With the pronounced facial features, cascading garment and the dark-grayish colored limestone, this figure is carved in the style of Northern Wei (386-534) stone sculptures in the Longmen cave temples located south of Luoyang in Henan province. The benign facial expression incarnating compassion and gentleness is created by a deeply carved groove around the mouth. The sloping shoulder and cascading garment with various folds falling over the body indicated by low-relief lines deliberately emphasise the linearity of the overall composition.

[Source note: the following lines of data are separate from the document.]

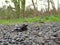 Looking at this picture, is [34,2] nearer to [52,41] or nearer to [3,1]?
[3,1]

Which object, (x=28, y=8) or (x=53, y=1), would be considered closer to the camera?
(x=28, y=8)

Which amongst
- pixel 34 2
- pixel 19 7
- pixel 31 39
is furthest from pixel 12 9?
pixel 31 39

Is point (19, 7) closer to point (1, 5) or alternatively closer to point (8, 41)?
point (1, 5)

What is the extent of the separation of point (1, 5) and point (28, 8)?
145 cm

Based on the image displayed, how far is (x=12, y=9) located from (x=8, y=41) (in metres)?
6.67

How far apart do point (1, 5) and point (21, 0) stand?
1.38 metres

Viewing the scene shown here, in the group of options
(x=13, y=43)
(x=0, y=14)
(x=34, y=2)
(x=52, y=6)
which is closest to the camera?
(x=13, y=43)

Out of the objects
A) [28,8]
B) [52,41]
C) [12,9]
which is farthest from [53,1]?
[52,41]

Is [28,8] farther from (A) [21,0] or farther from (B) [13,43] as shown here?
(B) [13,43]

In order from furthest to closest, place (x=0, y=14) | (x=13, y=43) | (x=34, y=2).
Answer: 1. (x=34, y=2)
2. (x=0, y=14)
3. (x=13, y=43)

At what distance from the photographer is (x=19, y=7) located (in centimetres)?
1154

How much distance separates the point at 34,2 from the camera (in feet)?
41.7

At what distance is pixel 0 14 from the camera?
1100cm

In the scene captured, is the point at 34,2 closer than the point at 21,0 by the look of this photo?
No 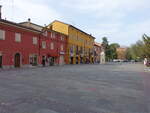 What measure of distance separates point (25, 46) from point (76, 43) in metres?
22.2

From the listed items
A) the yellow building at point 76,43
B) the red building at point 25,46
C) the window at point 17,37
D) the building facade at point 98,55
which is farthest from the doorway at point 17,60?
the building facade at point 98,55

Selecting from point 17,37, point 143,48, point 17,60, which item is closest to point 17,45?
point 17,37

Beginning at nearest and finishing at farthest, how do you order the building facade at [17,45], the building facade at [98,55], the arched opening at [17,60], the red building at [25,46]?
the building facade at [17,45]
the red building at [25,46]
the arched opening at [17,60]
the building facade at [98,55]

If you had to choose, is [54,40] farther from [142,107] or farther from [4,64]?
[142,107]

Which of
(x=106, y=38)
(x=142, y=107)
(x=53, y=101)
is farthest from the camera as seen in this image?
(x=106, y=38)

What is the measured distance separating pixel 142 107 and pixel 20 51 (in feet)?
76.4

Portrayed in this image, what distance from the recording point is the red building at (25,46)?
75.3ft

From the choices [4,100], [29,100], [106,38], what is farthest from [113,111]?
[106,38]

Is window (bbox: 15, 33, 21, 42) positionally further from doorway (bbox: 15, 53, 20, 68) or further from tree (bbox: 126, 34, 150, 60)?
tree (bbox: 126, 34, 150, 60)

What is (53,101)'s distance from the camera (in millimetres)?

Its compact size suggests that he was likely part of an elaborate votive pantheon or stele, possibly depicting the popular religious debate with Manjushri, the 'Bodhisattva of Wisdom', along with various disciples and deities witnessing the illuminating conversations.
Compare depictions of Vimalakirti in the Yungang grottoes, particularly a carving of the debate found in Cave no. 6 and illustrated in Seiichi Mizuno, Yun-Kang: The Buddhist Cave-Temples of the Fifth Century A.D. in North China, Kyoto, 1951-56, vol III, pl. 31 (fig.1). Vimalakirti's foreign origins are still quite visible in this rendition. He wears a Phrygian cap, tall boots, and the upwardly peaked fan is still of deer tail, unlike the feathered versions more familiar to Chinese artisans. Even within the Yungang grottoes, the evolution and sinification of Vimalakirti can be detected, and by the sixth century, several elements including the fan and the figure's wardrobe abandon their western heritage. By the Tang dynasty, illustrations of the debate developed further and painted representations of the sutra began to outnumber stone carvings.
The Longman caves also include figures carved in a similar style, such as three bodhisattvas seated in a pensive pose, illustrated in Zhongguo meishi quanji: Diaosu bian. [Complete series on Chinese art: Sculpture section], 11: Longmen shiku diaoke [Sculptures of the Longmen caves], Shanghai, 1988, pls 53-5; and a fragment of a flying apsara, from the collection of Albright-Knox Art Gallery, sold in these rooms, 19th-20th March 2007, lot 506. See also other stone representations of Vimalakirti, along with other standing disciples and angel-like female figures hovering mid-air, illustrated in Longmen Shiku, Beijing, 1980, pl. 112, and Li Wensheng ed., Longmen shiku zhuangshi diaoke, Shanghai, 1991, pl. 139.